The same system as above applies for the mathematician's logic progression. At each rank gained, the mathematician chooses another branch of logic. The only restriction is that one must have grasped Symbolic Logic before attempting Mathematical Logic. As well, though not required, it is recommended that one take Formal and Informal Logic in succession. The succession is mildly different though, in that there is only one new branch of logic understood per rank, even at master.

At each level of math, a mathematician has achieved a skill level to be able to work with a new type of number set confidently. These number sets are detailed as "Number Proficiencies".

Vorizo's Cube.
Novice (1-25)
Number Proficiency: Natural numbers (Including 0)

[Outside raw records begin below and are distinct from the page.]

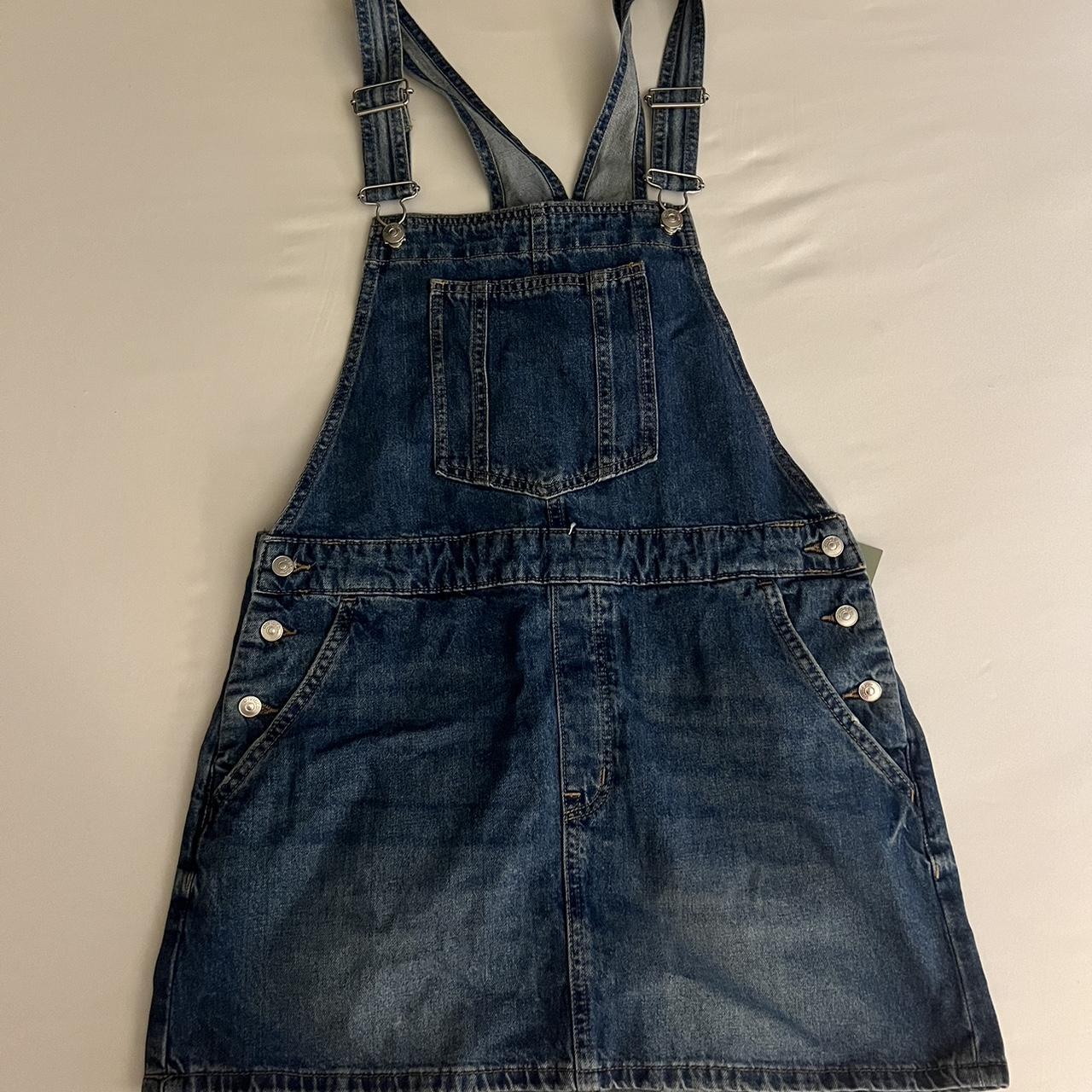 NEVER WORN- H&M Denim Overall Dress #overalls... - Depop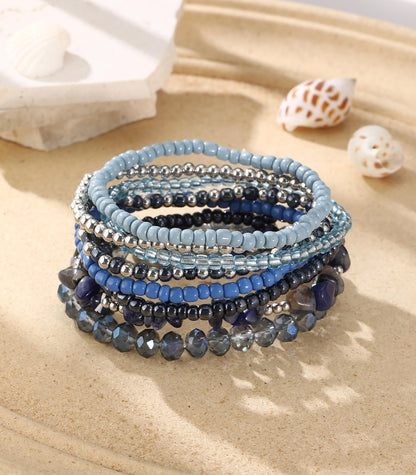 Noessla Boho Beaded Bracelets for Women Stackable Irregular Natural Stone Bead Stretch Bracelet Set 8PCS Costume Jewelry Gifts for Her(Navy Blue)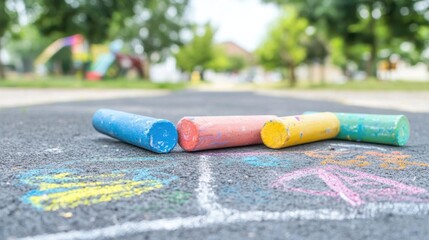 Obraz premium Bunte Kreidekunst auf der Einfahrt: Feiern Sie die Kreativität des Frühlings und das Spielen im Freien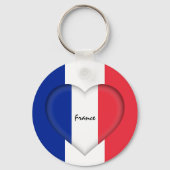 Frankrijk & Heart, Franse mode vlag/sport Sleutelhanger (Voorkant)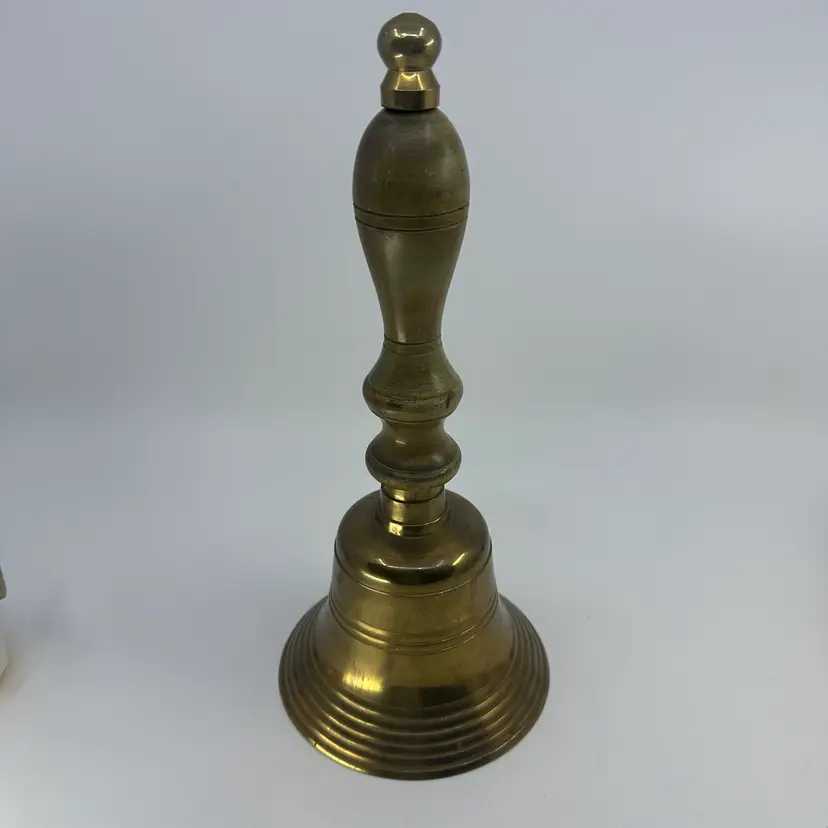 Vintage Large 11” School Bell Solid Heavy Brass with Wood Handle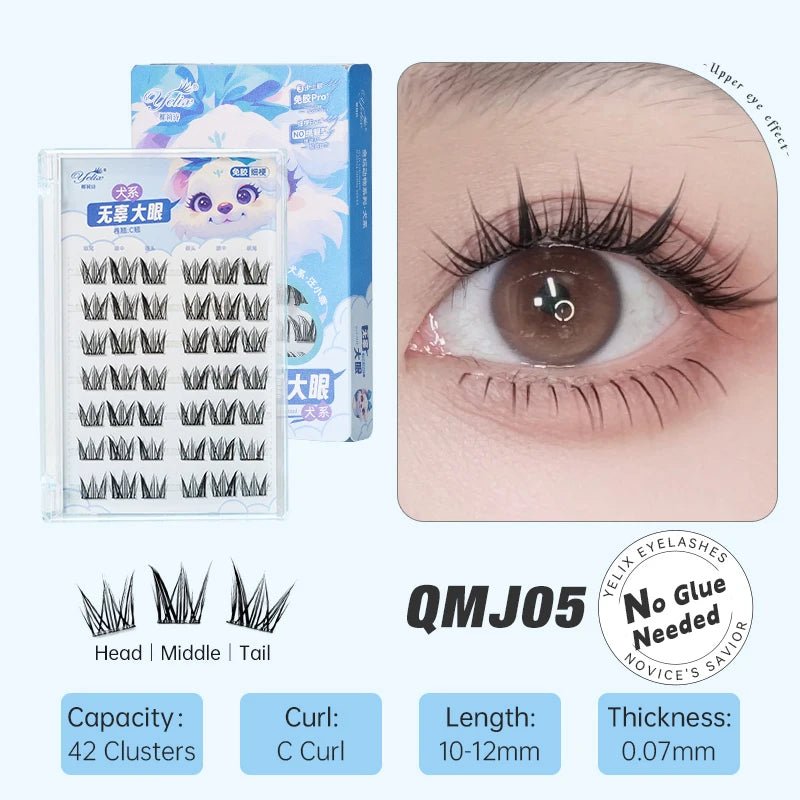 DIY Cluster Eyelashes — Glue - Free Natural Manga Lashes Soft False Eyelashes for Daily Makeup - Mzunye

A novice level mathematician usually has memorized all of the ten postulates. However, their understanding of said postulates is not guaranteed. The advancement of a novice mathematician is usually in regards to their abilities with basic mathematical operations such as addition, subtraction, multiplication, and division (e.g. the mathematician will be able to multiply double or triple digits, divide by an imperfect divisor, etc...). At this level, the mathematician has grasped the basis of one numeral proficiency, one logic branch, and one domain of mathematics. However, the comprehension of anything beyond basic operations and the numeral proficiency requires ranks in Mathematics. This is the most common level of mathematician, and the ability to devise proofs or theory is beyond them.

Competent (26-50)
Number Proficiency: Integers and Rational Numbers

At this stage, all basic operations (add, subtract, divide, multiply) have been mastered by the mathematician. The mathematician of Competent ranking has mastered the areas of logic and math that he took up at novice level, and begun to explore the demesnes of two new areas. Theoretics are still beyond this level of mathematicians reach. However, at this stage the mathematician can begin to understand the patterns inherent in math.

Expert (51-75)
Number Proficiency: Real Numbers

Mathematicians of expert level are at the theoretical level of mathematics. They have a thorough understanding of every mathematical area: geometry, algebra, trigonometry, and calculus in all its applied functions. In addition to the areas of applied mathematics,another branch of logic is available to the mathematician. They have begun to see the inherent patterns and connections in the world, that everything can be represented with mathematics. Although they can understand these things, they do not yet have the skill to apply this information. As well, at this level the mathematician knows basis of most of the theoretics that have been devised, and can create simple formulas of his own. As well, concepts such as real numbers are grasped at this level.

Master (76-100)
Number Proficiency: Complex Numbers

This is the level of mathematics where the world takes on a new light. Mathematicians of this level have mastered virtually everything in the area of applied mathematics, and almost everything within theoretical mathematics is known to them. The final branch of logic is mastered at this level as well. Concepts such as imaginary and complex numbers are easily within the grasp of a master level mathematician. The formulas a master mathematician creates are revered by academia, and often of staggering complexity. At this level, a mathematician can not only see and explain the mathematics inherent in everything, but he can apply them and devise formulas to represent them. Master level mathematicians are nigh unheard of in present day Mizahar, but the few that are this accomplished are literal celebrities of the academic world.